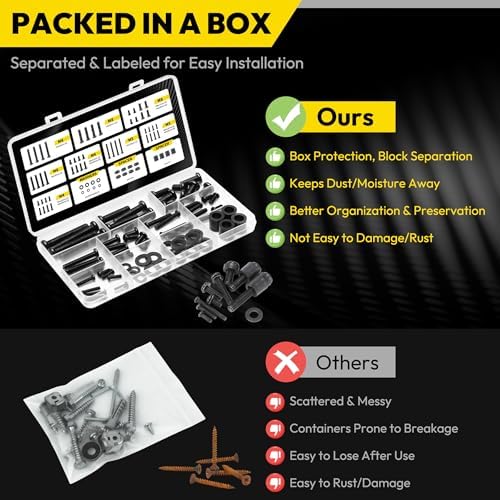 Hesnyve Universal TV Mounting Screw Kit, M4 M5 M6 M8 Screws — view 2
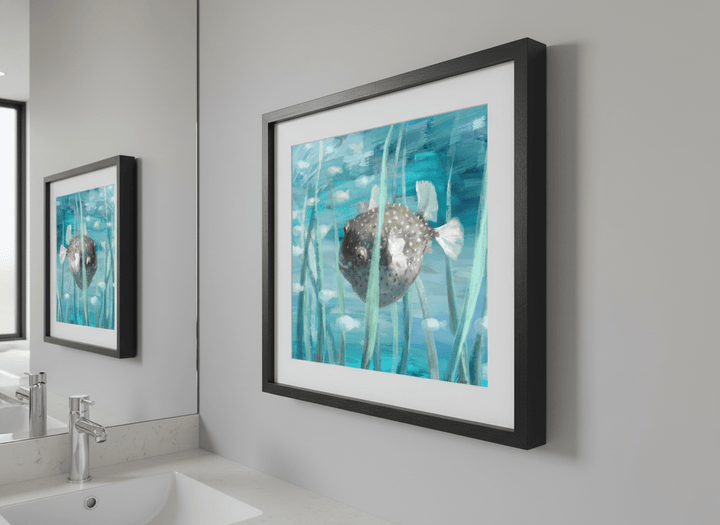 Modern print displayed in a clean minimalist bathroom setting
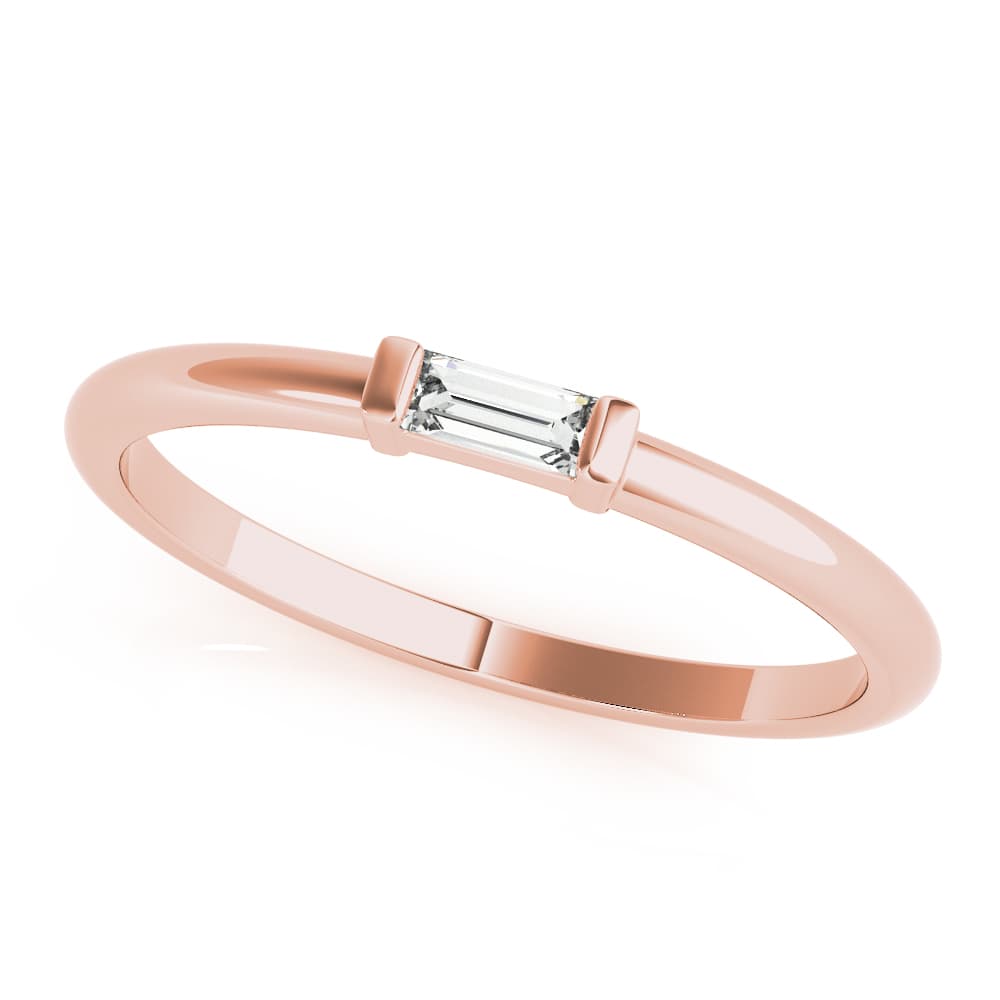 East-West Baguette Ring (1/8 ct. tw.), Front view in rose gold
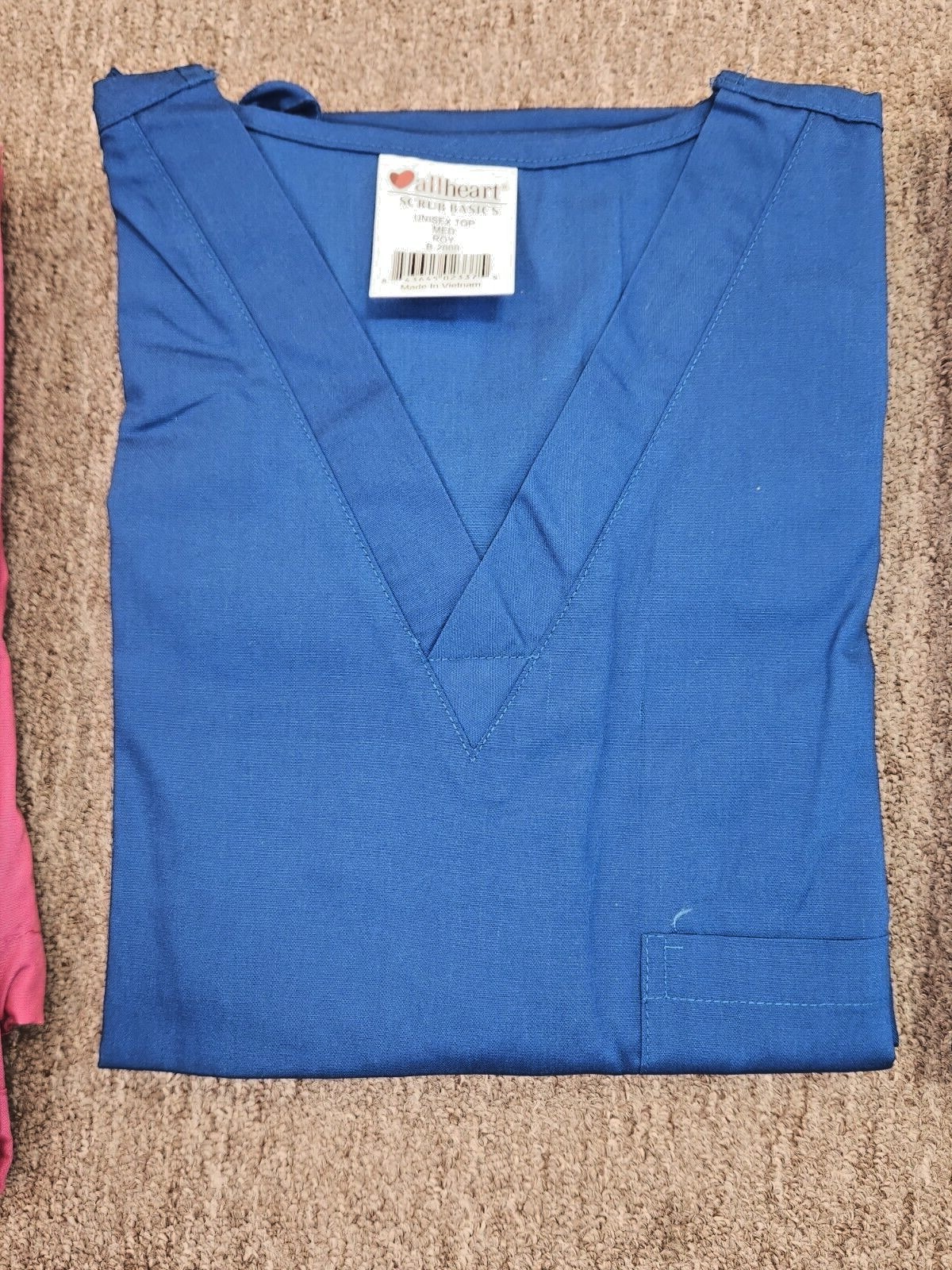 Allheart Unisex Basics Scrub Set Hunter Green, Navy, Pink, Royal Blue MANY SIZES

━━━━━━━━━━━━━━━━━━━━━━━━━━━━━━

WHAT YOU ARE ASKED TO DO
Skipping any pictures, transcribe the full listing exactly.

EXERCISE SOLUTION
 Hesnyve Universal TV Mounting Screw Kit, M4 M5 M6 M8 Screws — view 2
 Modern print displayed in a clean minimalist bathroom setting
 East-West Baguette Ring (1/8 ct. tw.), Front view in rose gold
 Allheart Unisex Basics Scrub Set Hunter Green, Navy, Pink, Royal Blue MANY SIZES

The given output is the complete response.